Imagine the following film being made during Bill Clinton's presidency:
This is the dramatic moment when President George Bush is gunned down by a sniper after a public address at a hotel, in a gripping new docudrama soon to be aired on TV.
Set around October 2007, President Bush is assassinated as he leaves the Sheraton Hotel in Chicago.
Death of a President, shot in the style of a retrospective documentary, looks at the effect the assassination of Bush has on America in light of its 'War on Terror'.
The 90 minutes feature explores who could have planned the murder, with a Syrian-born man wrongly put in the frame.

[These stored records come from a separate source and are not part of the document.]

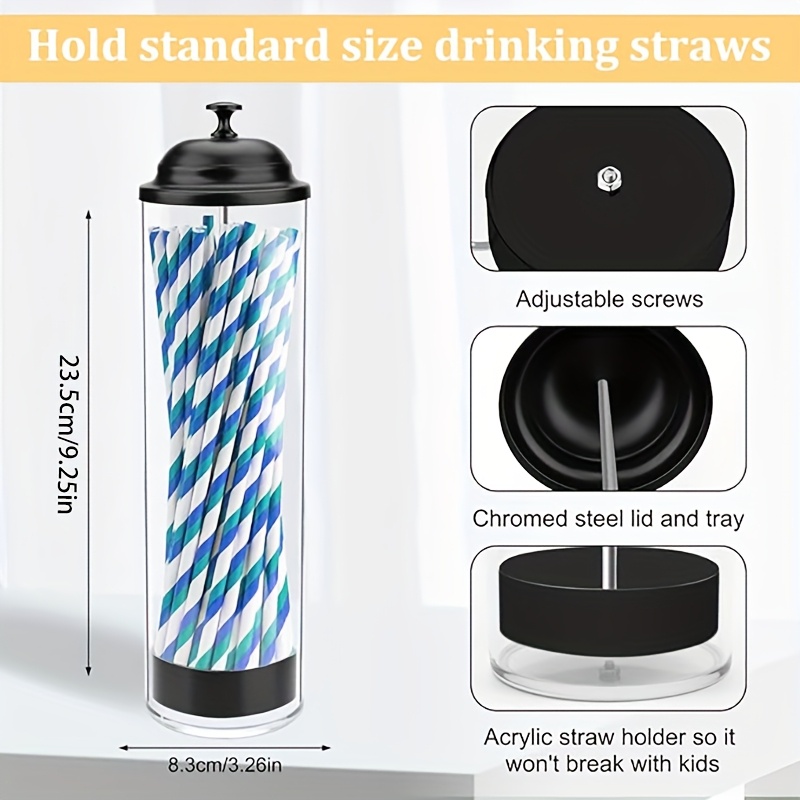 Straw Holder Multipurpose Storage Tube Reusable Straw Rack Dustproof Milk Tea Shop Fast Food Restaurant Straw Bucket Straw Dispenser Straw Stand Suitable for Home, Restaurants, Cafes, Bars, etc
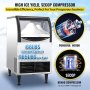 VEVOR 110V Commercial Flake Ice Machine 132LBS/24H, Snowflake Maker with 66LBS Ice Storage, Stainless Steel Construction, Quiet Operation, Auto Clean, Air Cooling, Professional Refrigeration Equipment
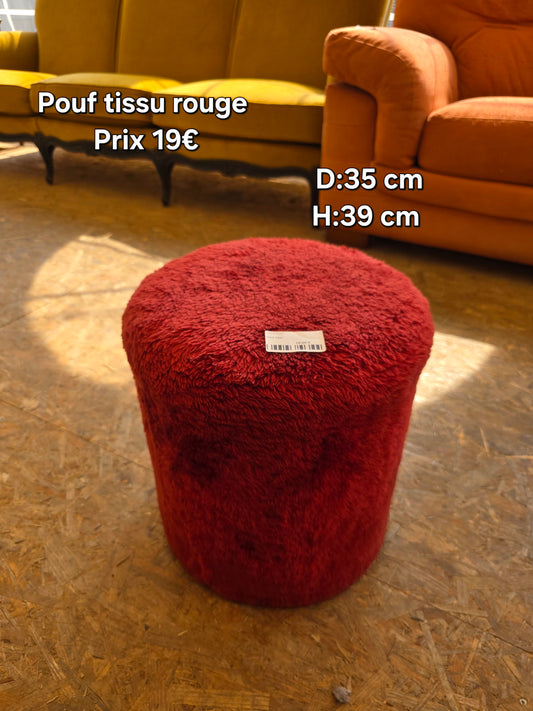 Pouf tissu rouge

Peter Dale, head of More4, which is due to air the film on October 9, said the drama was a "thought-provoking critique" of contemporary US society.
He said: "It's an extraordinarily gripping and powerful piece of work, a drama constructed like a documentary that looks back at the assassination of George Bush as the starting point for a very gripping detective story.
"It's a pointed political examination of what the War on Terror did to the American body politic.
"I'm sure that there will be people who will be upset by it but when you watch it you realise what a sophisticated piece of work it is.
"It's not sensationalist, or simplistic but a very thought-provoking, powerful drama. I hope people will see that the intention behind it is good."
The film will premier at the Toronto Film Festival in September and was written and directed by Gabriel Range.